Leyland: Ball kiss not 'a smart thing'
BY JANIE MCCAULEY Associated Press
Tuesday, October 09, 2012
10/09/12 at 5:28 AM
OAKLAND, Calif. - Ideally, Jim Leyland would have everybody hug it out and play ball.
Just as Detroit's Justin Verlander and Coco Crisp of Oakland did on the field for Monday's workout day ahead of their teams' Game 3 in the AL division series Tuesday. The Tigers lead 2-0 and are one win from advancing to a second straight AL championship series.
Leyland says reliever Al Alburquerque meant no ill will toward the Athletics when he fielded Yoenis Cespedes' ninth-inning comebacker and quickly kissed the ball before throwing to first. Yet the manager disagreed with the display.

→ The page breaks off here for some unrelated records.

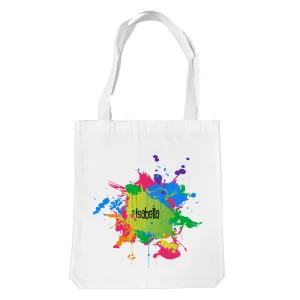 Splatter Premium Tote Bag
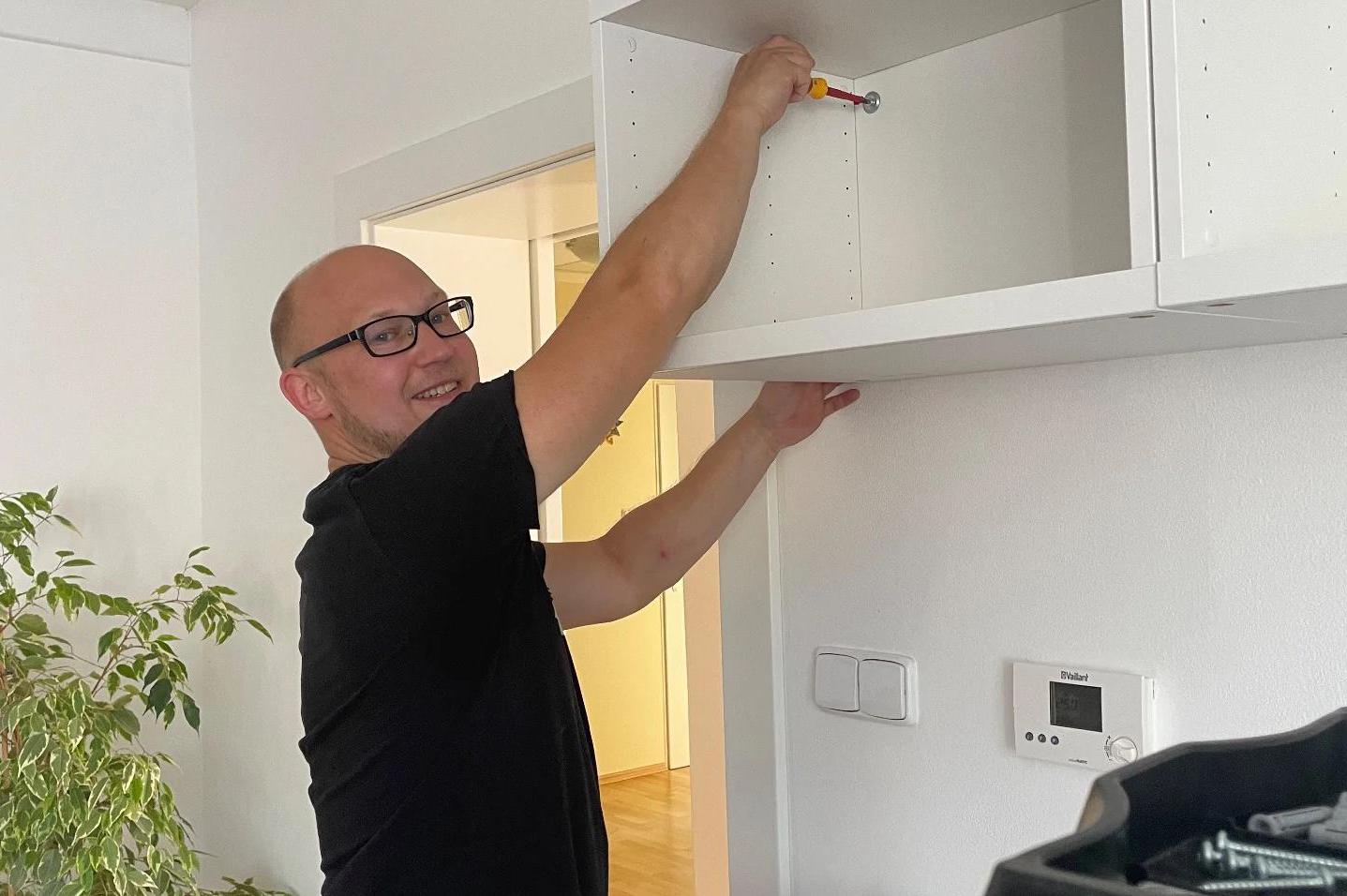 Spolehlivý řemeslník pro Plzeň a okolí do 50 km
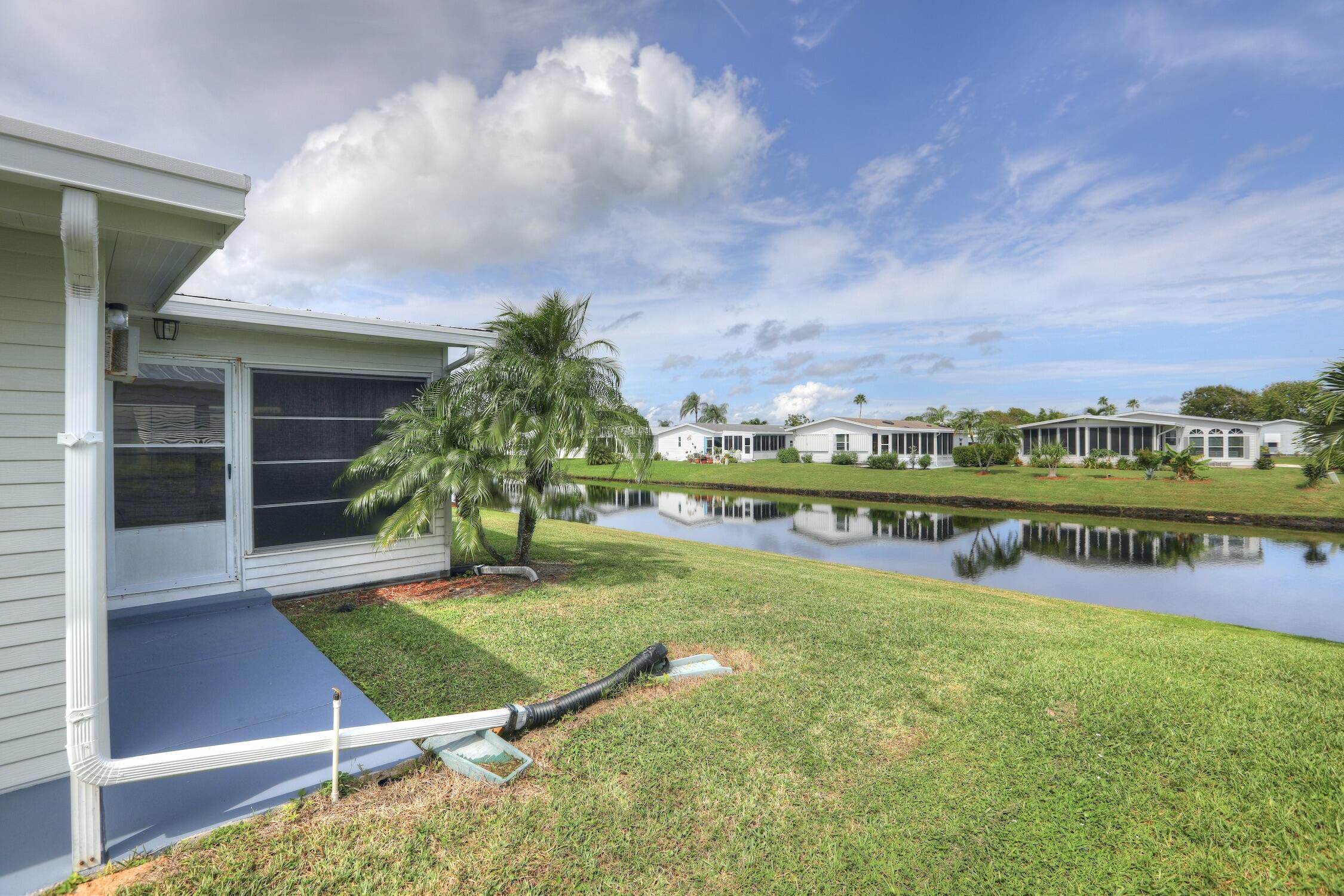 8471 Schefflera Court, Port St. Lucie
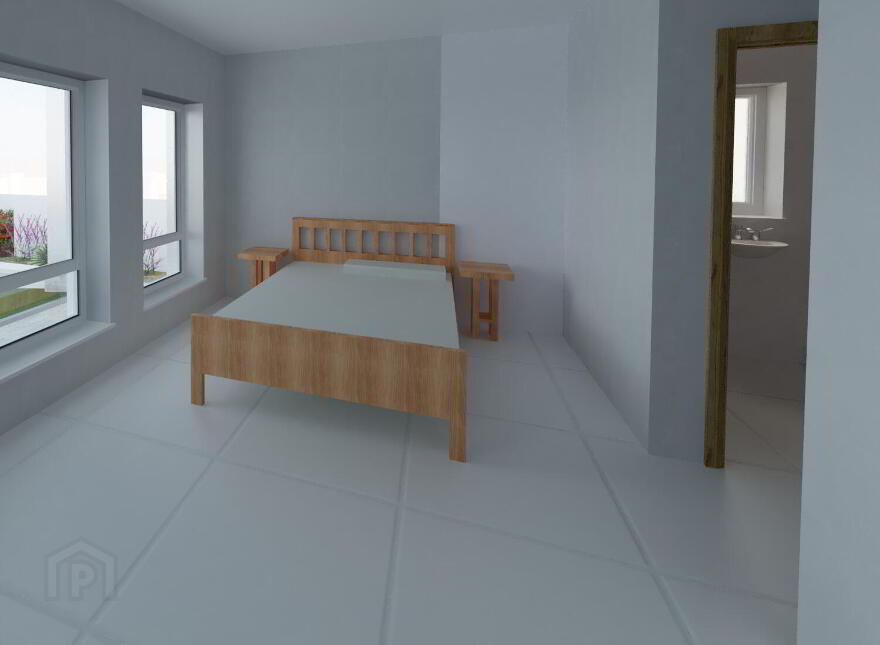 Site, For Two Dwellings At 8A Ballyreagh Road, Portrush, BT56 8LP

"Everybody always says I'm from the old school, so I'd have probably hugged it first," Leyland joked. "I don't think it was the right thing to do. I will sit here today and I will not try to defend it. I will say that I can assure everybody, including the Oakland A's, Al Alburquerque did nothing intentionally to offend the Oakland A's. A lot of emotion is shown in different ways in the game anymore. You see a lot of different variations of personal celebrations as well as team celebrations.
"It wasn't a smart thing to do, but I can honestly tell you that there is no way that Al Alburquerque or any members of the Detroit Tigers would ever do anything intentionally to offend another team. It just would not happen," Leyland said.
As upstart Oakland returned home hoping to pull off another improbable sweep like the one against Texas last week to capture the AL West crown, that smooch was still plenty talked about in both clubhouses.
Alburquerque, a former Tulsa Driller, said he did speak to his teammates and that they knew his gesture was "within the emotion of the game."
"I respect Cespedes, and I didn't do it out of disrespect," the pitcher said. "I was just excited to get the out."
Still, that didn't mean the Tigers weren't surprised by it.
"I said, 'Did I see what I just saw?'" catcher Gerald Laird said.
Cespedes was eager to get to his baseball work Monday, saying: "That's his problem. It doesn't bother me. It was his turn to win. Someday it will be my turn."
Even though everybody realized full well they should be focused on the game itself.
"I know him, so I know he didn't mean much by it," injured A's third baseman and former Tiger Brandon Inge said. "But I'm sure he's going to regret it."